On 6/7/07, Eugen Leitl <[EMAIL PROTECTED]> wrote:

That's not an argument. That rapid environmental changes are dangerous
is an argument. You need an argument to refute that argument.

Speed kills most of the time.  A fast superintelligence that values
humanity will selectively use chunks of matter in such a way as to be
fast but not overtly destructive.  For instance, turning the core of
the Earth into a supercomputer while leaving the surface as is.

We don't have to suspect that evolutionary dynamics is full of extinctions,
we *know* it.

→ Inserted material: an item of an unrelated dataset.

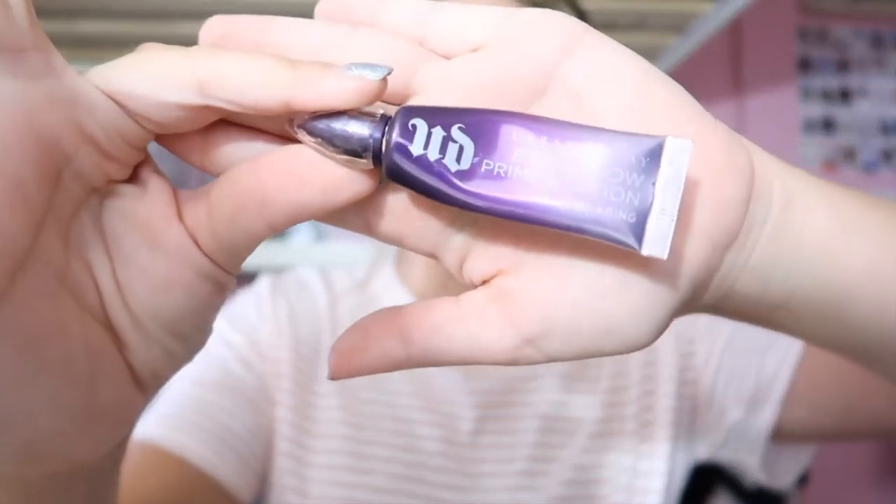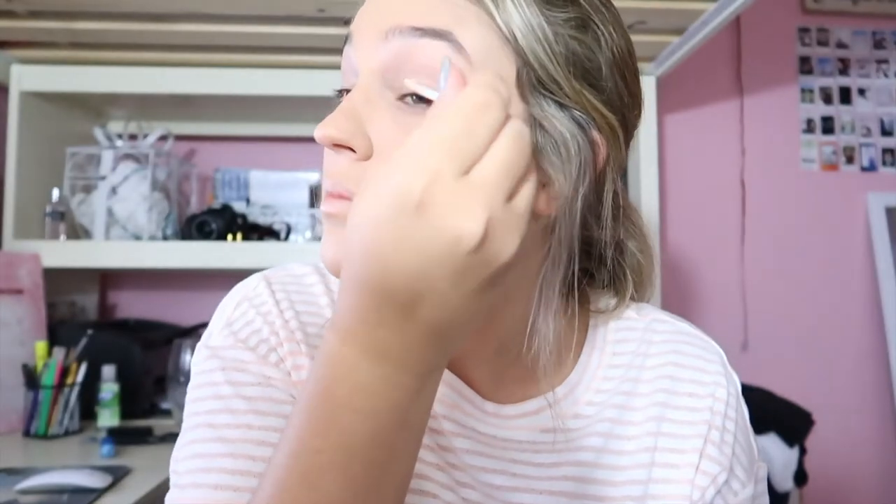All we have to do is the eyes and then we're done. First I'm going to prime my eyes using Urban Decay eyeshadow primer — I'm actually running out of this so I'm going to have to buy a new one. Then I'm just going to blend this all in. There we go — why do I look so white? I mean I am white, just not this white.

If you think you can sustainably strip darwinian regime
I'd like to see an argument how you propose to do that.

The Darwinian regime has already been stripped by, for instance,
medicine.  Evolution in humans does not select against the weaker or
the dumber, because the weaker get medical help whereas the dumber get
financial help from the government.  The standard argument for why
Darwinian dynamics wouldn't apply to superintelligence is here
(http://sl4.org/archive/0401/7506.html), but you've already seen it
and not been convinced.  According to a response of yours immediately
after (http://sl4.org/archive/0401/7551.html) you don't seem to
believe that the dynamics of intelligent-design-and-test or recursive
self-improvement are distinct than the dynamics of Darwinian natural
selection, but it's obvious to most everyone that they are.

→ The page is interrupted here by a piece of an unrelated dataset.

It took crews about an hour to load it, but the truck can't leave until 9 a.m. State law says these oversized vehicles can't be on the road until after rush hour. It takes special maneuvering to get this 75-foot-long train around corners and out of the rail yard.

When we take a hands-off approach, a Darwinian-style outcome is most
likely.  A human-indifferent seed will grow to a human-indifferent
superintelligence, that grinds us up for lunch.  But a human-friendly
seed has a chance of growing into a human-friendly superintelligence.

If Mr. Rogers were somehow still alive and had access to intelligence
enhancement technology where he could look ahead and see the projected
consequences before making each change, would be choose to make
himself into a superintelligence that killed all of humanity, just to
"continue being a part of the Darwinian regime"?  According to you,
apparently yes.  But I have trouble believing Mr. Rogers, or any
sufficiently friendly SI seed, would do such a thing.

Darwinian behavioral tendencies fundamentally come from self-centered
goal systems, which are observed in every form of life on Earth.  But
there is no fundamental information-theoretic reason why every being
must be self-centered.  Some human beings seem quite selfless, even
despite the self-centered basic programming intrinsic to our genome.
We know that behaviors like trust and love are mediated by certain
neurotransmitter - oxytocin, for instance.  If benevolence or
indifference towards others are properties mediated by brain structure
and neurotransmitter densities, then it should be possible to boost
these qualities by studying which neurophysical interventions enhance
them and which don't.  The same thing will be done with AI experiments
in virtual microworlds.

If I'm still "sounding like a broken record", please tell me, but I'm
trying to come at this from a different angle each time I try to
explain it.

The key question seems to have to do with whether true selfless
benevolence, or even just compliance, is at all possible.  I see no
reason why it wouldn't be.  In human beings, decisions about whether
to act kind or unkind are partially based on appraisals of the other
guy's muscles or firepower.  We have a tendency suck up and kick down.
The reason why this exists is quite obvious for evolutionary reasons.
But for a completely blank slate mind, why suck up and kick down?
Why not suck up and suck down, or kick up and suck down?  Why
conditional niceness?   Why not unconditional niceness?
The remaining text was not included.